Hadrian's Monument and the Pizza
Visitors to Rome have no lack of ruins over which to marvel. Hot, foot-sore and weary, they stumble through the shattered stones of the Forum, circle the floorless arena of the Colosseum, gawp at the crumbling arches of the baths of Trajan and peer in vague incomprehension at the blocks of brickwork that are all that is left of the great palaces on the Palatine. In all this mass of broken, decaying grandeur there is only one building that survives in pristine condition - the Pantheon.
Its survival, of course, is due to the fact that whereas other buildings were considered redundant and stripped of their marble facings and lead roofs, the Pantheon was consecrated as a Christian church and so remained in constant use - and equally constant repair - through the centuries.
Few, however, of the crowds of tourists that throng its circular floor are aware of the story behind the building and, if our experience is anything to go by, even the guides are equally ignorant. (It is possible, of course, that they do know the story but simply do not tell it. Your average licenced guide has had all the excitement and romance of archaeology trained out of him - or her - and all that is left is a dull recitation of dates and facts.)

Six years after the fall of Jerusalem in AD 70, a boy was born in Rome and given the name Publius Aelius Hadrianus. There were about a dozen boys' names used in ancient Rome and Publius was one of them; the family name which the baby inherited was Aelius. Onto this was tacked a nickname, which in this case was a reference to the ancestral home of the Aelius family, the town of Hadria at the mouth of the river Po (a port city which gave its name to the entire sea - the Adriatic!)
When Publius Aelius Hadrianus was nine his father died and two guardians were appointed to oversee his upbringing. One of them, his father's cousin, was called Marcus Ulpius Traianus and twelve years later he unexpectedly had the chance to become emperor when Domitian, the paranoid maniac, was assassinated. Nerva, an elderly senator, was chosen to replace him and he in turn picked Traianus to be his successor and formally adopted him.

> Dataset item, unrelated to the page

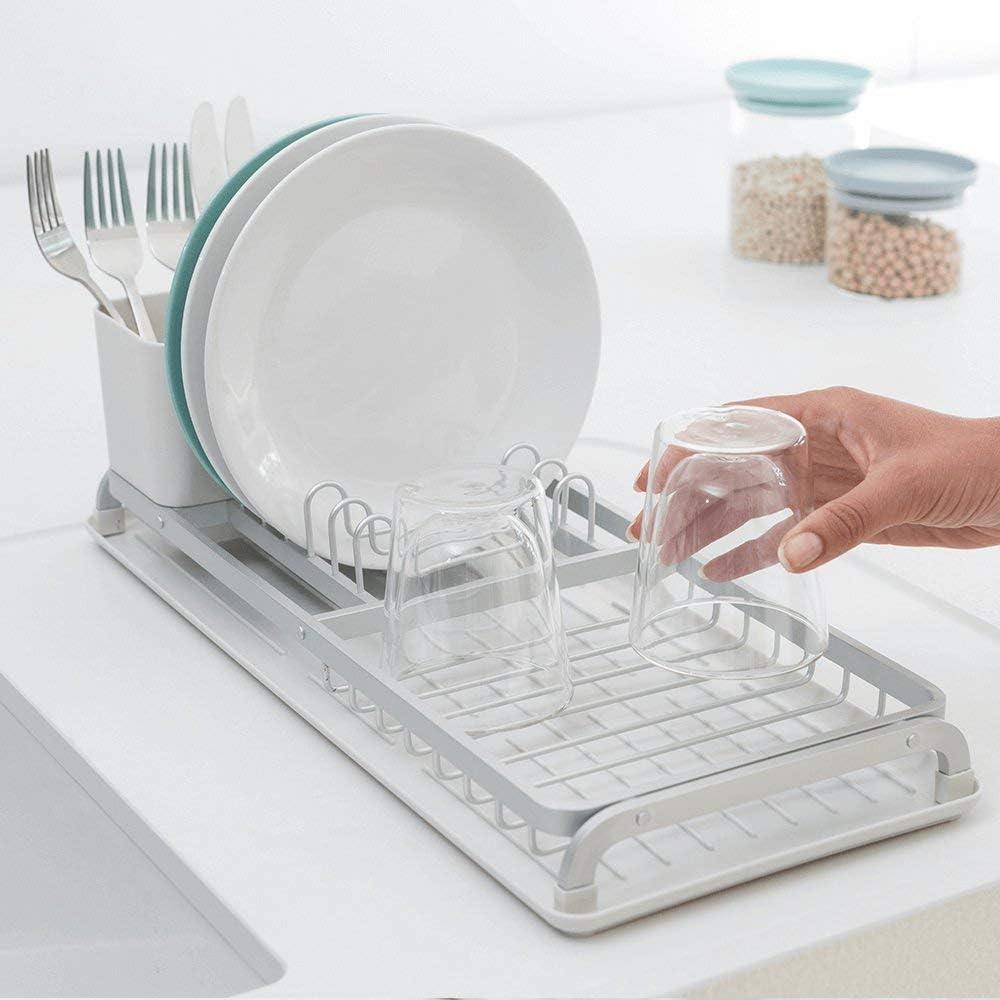 Brabantia Sink Side Compact Aluminum Dish Drying Rack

Traianus, better known to us as Trajan, duly succeeded to the imperial throne and invited his ward to become part of his entourage. Some suggest that this was because young Publius had a phenomenal capacity for drink and could match Trajan cup for cup; I prefer to think that it was because Trajan recognised the young man's potential.
Publius aspired to be what we today would call "a Renaissance man" - someone who knew something about everything and everything about most things. His contemporaries commented on his "childish" curiosity: Tertullian, the Christian apologist, speaks of him as "an investigator of everything strange" while Suetonius remarks on his ability "to recite from memory books that he had just read, even ones that most people had never heard of".
Allied to this mental ability was his drive to excel, which led him to be a reckless huntsman and soldier (though not a reckless general). Though he did his best to be pleasant and diplomatic to all, another biographer alleges that "he cleverly concealed a temperament which was jealous, harsh, libidinous and fixated on showing off. Instead he affected self-control, pleasant manners and kindness, and kept in check the passion for sucess which was his dominant feeling."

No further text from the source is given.